Kansas isn’t the only team in America that’s struggling right now.

Here are five other squads that might stumble into conference play due to some early problems.

  1. Notre Dame (7-3): The Fighting Irish entered the season ranked 21st in the Associated Press preseason poll. And that’s where the hype stopped for this new ACC member. Notre Dame’s upset loss to North Dakota State in South Bend, Ind., on Wednesday night was the team’s third of the year. In each loss, opponents have made at least 48 percent of their shots against Mike Brey’s squad (48 percent for Indiana State, 56.9 percent for Iowa and 51 percent for North Dakota State).

  2. BYU (8-3): The Cougars entered the week averaging 89.9 ppg, sixth in the country. They put up 112 points against Stanford, 90 against Iowa State and 96 against UMass. Tyler Haws and Matt Carlino comprise one of the best offensive combos in college basketball. But BYU’s poor defense could ruin its chances of snatching the West Coast Conference title from Gonzaga. The Cougars entered the week with the 318th-ranked scoring defense after giving up 80.4 ppg in their first 10 matchups. That’s a problem.

  3. Marquette (5-4): The Golden Eagles were picked as the Big East favorites prior to the start of the season. But they’re having a lot of trouble on offense. The backcourt that led Buzz Williams’ program to the Elite Eight last season is gone. And Marquette, 83rd in adjusted offensive efficiency per KenPom.com, just can’t score consistently. The Golden Eagles scored just 35 points in a November loss to Ohio State. They’ve failed to break 60 points three times this season. They have three players averaging double figures (Jamil Wilson, Davante Gardner and Todd Mayo) but they haven’t been consistent.

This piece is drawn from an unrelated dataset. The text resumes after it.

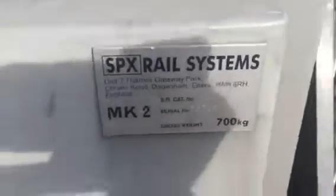Now this crossing is done with Dagenham SBX Mark 2.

  4. UNLV (3-4): Most teams suffer after losing key players. But the Runnin’ Rebels’ problems are a combination of departures -- Anthony Bennett was the No. 1 pick in last summer’s draft and Mike Moser transferred to Oregon -- and limited cohesiveness due to a multitude of new faces. Bryce Dejean-Jones (13.3 ppg) is one of just three UNLV players who logged 5.0 mpg or more last year. Dave Rice’s program is 260th in adjusted offensive efficiency. That’s what happens when a team loses more than 50.0 ppg of production.

  5. Temple (4-4): Even without last year’s star Khalif Wyatt (20.5 ppg), the Owls appeared to be potential contenders for the inaugural American Athletic Conference crown before the season started. But Temple has a multitude of problems. The Owls are shooting just 43.7 percent from the field, 211th overall. They’ve also given up 74.8 ppg, the ninth-ranked scoring defense in the American thus far. And they’re also at the bottom of the conference in 3-point shooting (30.3 percent from beyond the arc). Where should Fran Dunphy begin? The list of problems is lengthy and it grew after Saturday’s overtime loss to Texas.